[[ SOURCE DATA open ]]
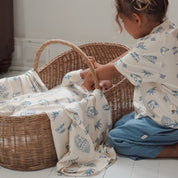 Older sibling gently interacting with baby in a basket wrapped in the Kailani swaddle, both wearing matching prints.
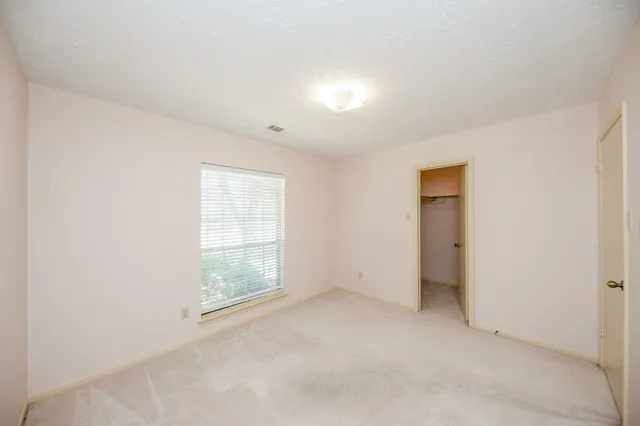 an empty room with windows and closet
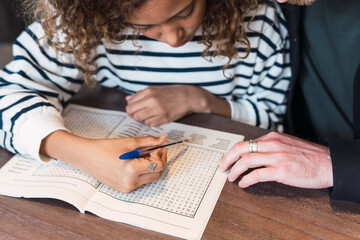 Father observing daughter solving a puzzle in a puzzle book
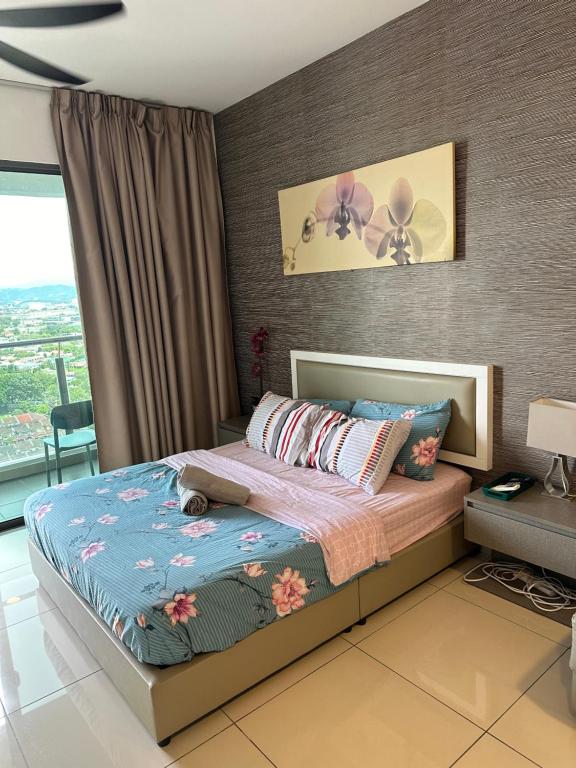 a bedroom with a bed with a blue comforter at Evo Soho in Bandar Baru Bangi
[[ SOURCE DATA closed ]]
THE PROBLEM - Leave out the pictures and return the listing exactly.

OUTPUT OF THE EXERCISE -
 Older sibling gently interacting with baby in a basket wrapped in the Kailani swaddle, both wearing matching prints.
 an empty room with windows and closet
 Father observing daughter solving a puzzle in a puzzle book
 a bedroom with a bed with a blue comforter at Evo Soho in Bandar Baru Bangi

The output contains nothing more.